◆ Activity: Omit each picture as you copy the entries exactly.
───── Record extracts ─────
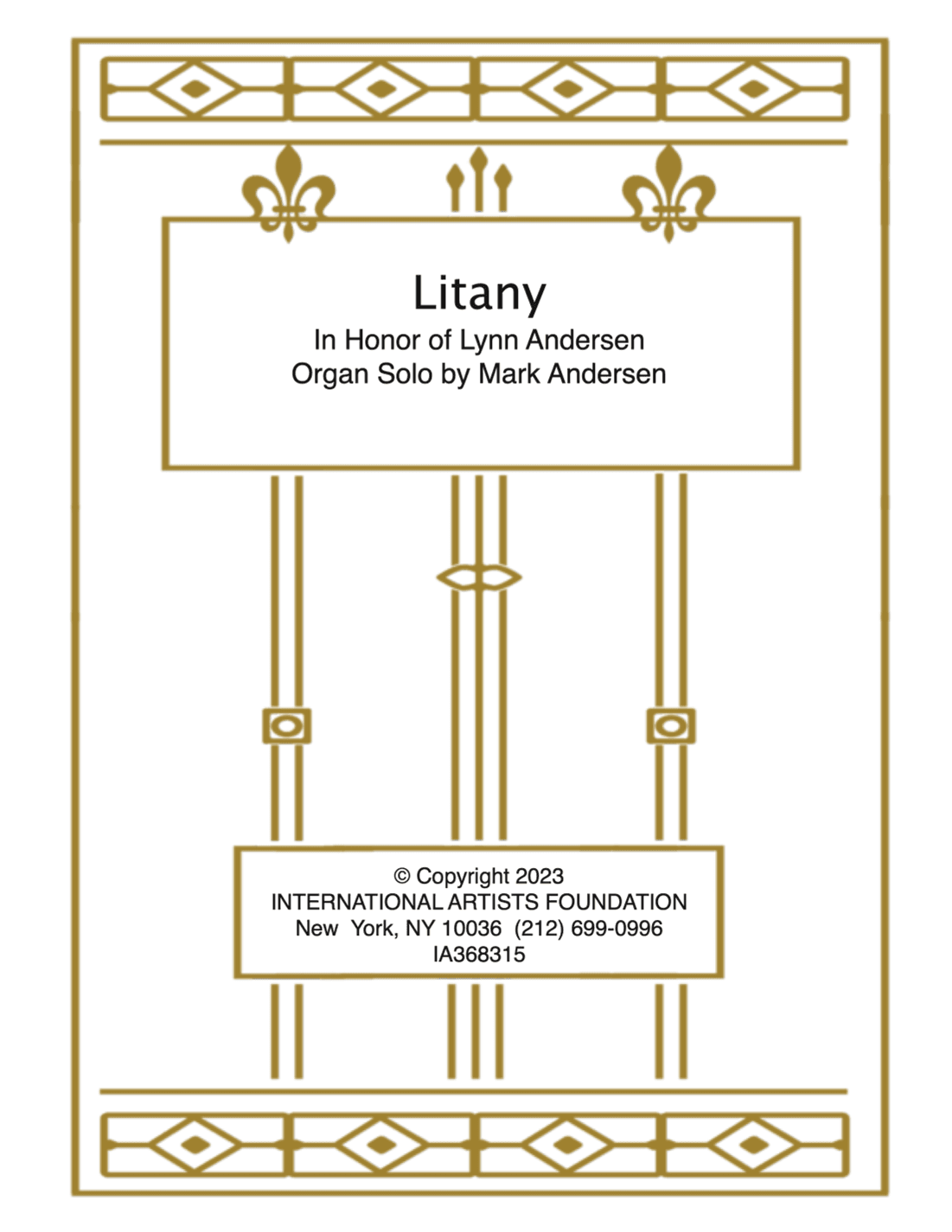 Litany for organ in honor of Lynn Andersen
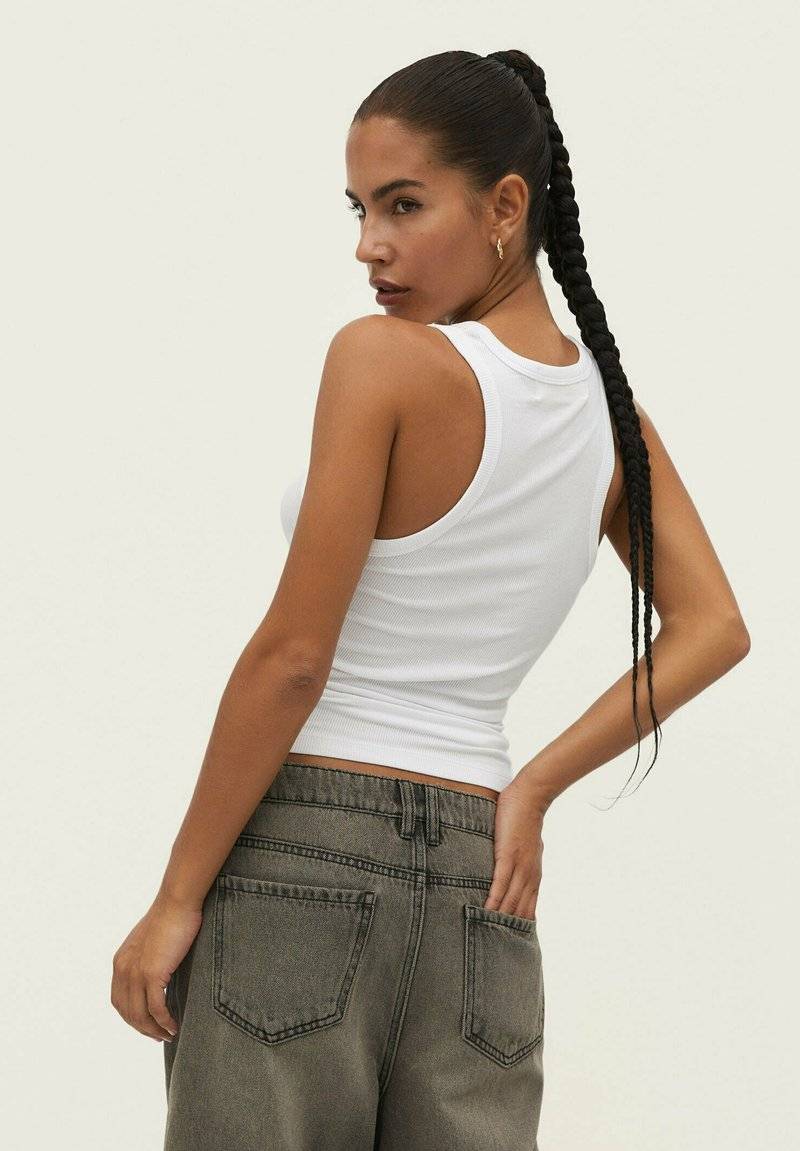 Stradivarius Stradivarius RACERBACK - Top - white denim Blitzverkäufe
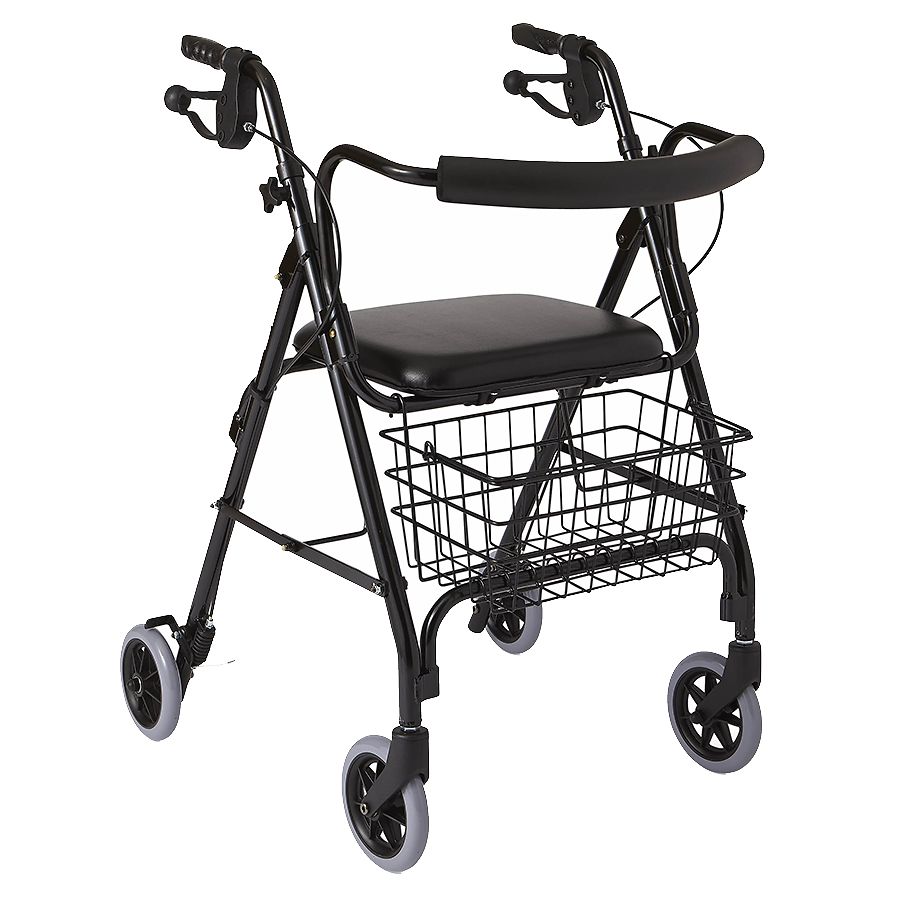 Medline Deluxe Rollator Walker 6in wheels Black Walgreens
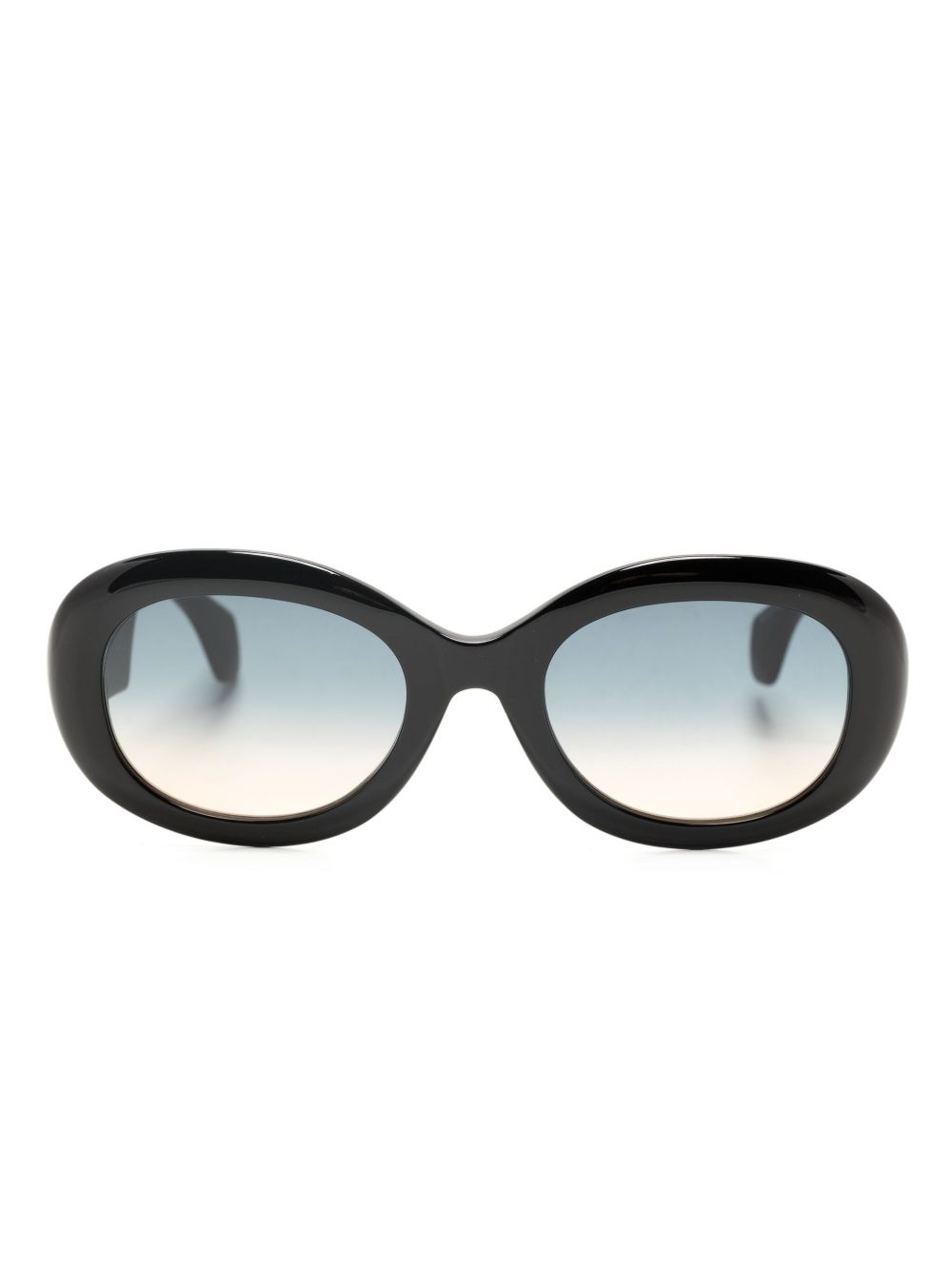 Vivienne Westwood Vivienne 椭圆框太阳眼镜 - 黑色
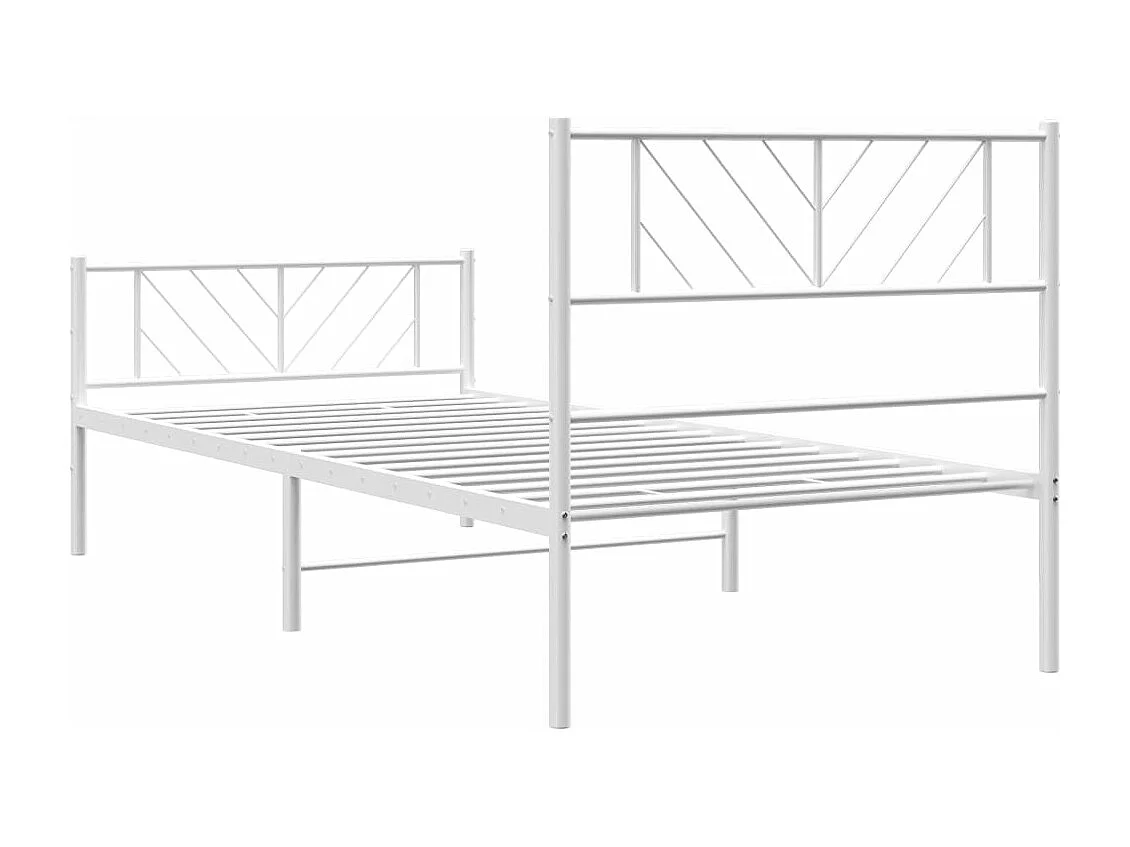 Cadre de lit métal avec tête de lit/pied de lit blanc 80x200 cm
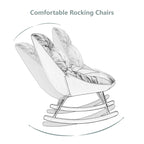 Tufted Upholstered Padded Seat Rocking Chair-Boucle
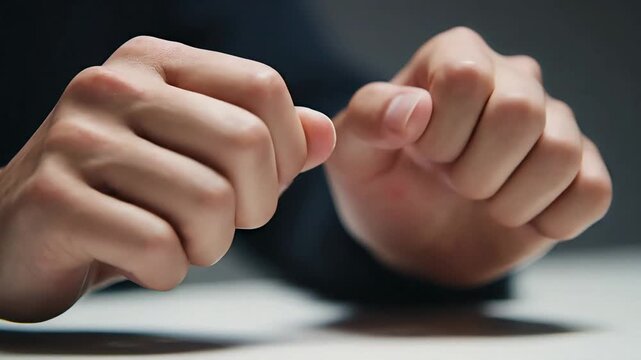Close-Up of Man&rsquo;s Hands Fidgeting Nervously on Table - Concept of Anxiety, Stress, and Interrogation
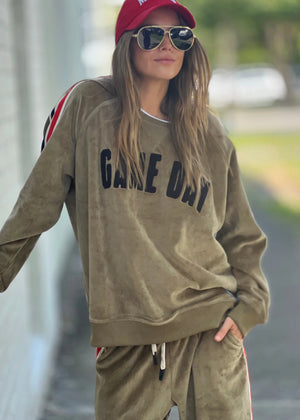 Sporty Velour Sweat - Khaki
─────
◆ Answer space:
 Litany for organ in honor of Lynn Andersen
 Stradivarius Stradivarius RACERBACK - Top - white denim Blitzverkäufe
 Medline Deluxe Rollator Walker 6in wheels Black Walgreens
 Vivienne Westwood Vivienne 椭圆框太阳眼镜 - 黑色
 Cadre de lit métal avec tête de lit/pied de lit blanc 80x200 cm
 Tufted Upholstered Padded Seat Rocking Chair-Boucle
Close-Up of Man&rsquo;s Hands Fidgeting Nervously on Table - Concept of Anxiety, Stress, and Interrogation
 Sporty Velour Sweat - Khaki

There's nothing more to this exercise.